Leather and Lace is a jaw dropping time capsule.  I love this kind of dated fusion of rock n’ roll and T & A.  I admire the purity of the concept as it’s nothing but music and nudity.  There’s no attempt to make sense out of any of it.  It just happens.  We probably didn’t need the scenes with all the swinging dicks (sometimes quite literally), but I guess you’ve got to have something in there for the ladies too.

I don’t know much about Black Magic and the Pussycats, but they have one-upped the band The Ladybirds from The Wild Wild World of Jayne Mansfield.  Whereas The Ladybirds played topless, these girls rock out totally in the buff.  Now, it’s debatable if the Pussycats actually play their instruments, but when they look this hot, who cares? 

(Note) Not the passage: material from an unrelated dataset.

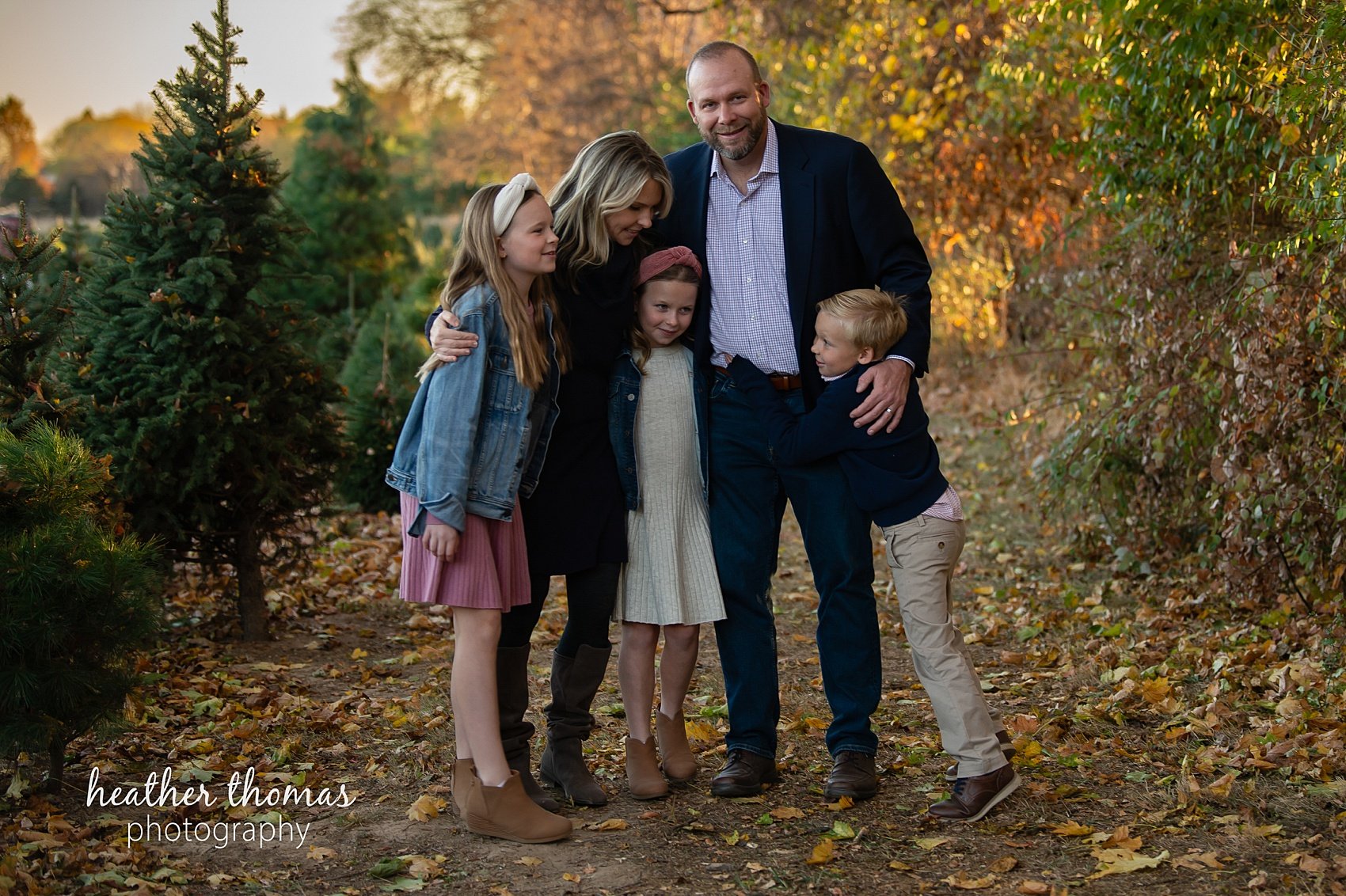 christmas-tree-farm-photo-shoot-heather-thomas-photograhy-130.jpg pictures of a family of 5 at the colavita christmas tree farm session with bucks county family photographer heather thomas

I caught this oddity on The Roku Channel, The B-Zone.  The movie (if you want to call it that) doesn’t have an IMDb page.  There’s very little information about it on the internet (aside from a few short clips that are on a porn site that will probably give me a hundred viruses if I click on it).  In fact, The B-Zone may be the only place you can see it in its entirety.  If you aren’t already in the know, The B-Zone is the greatest streaming channel around.  It plays tons of vintage ‘80s erotica like this.  From Playboy Channel specials to celebrity workout videos, it’s got a bevy of wonderful oddities.  If you like old-timey smut like me, you should add it to your Roku player and see what you’re missing.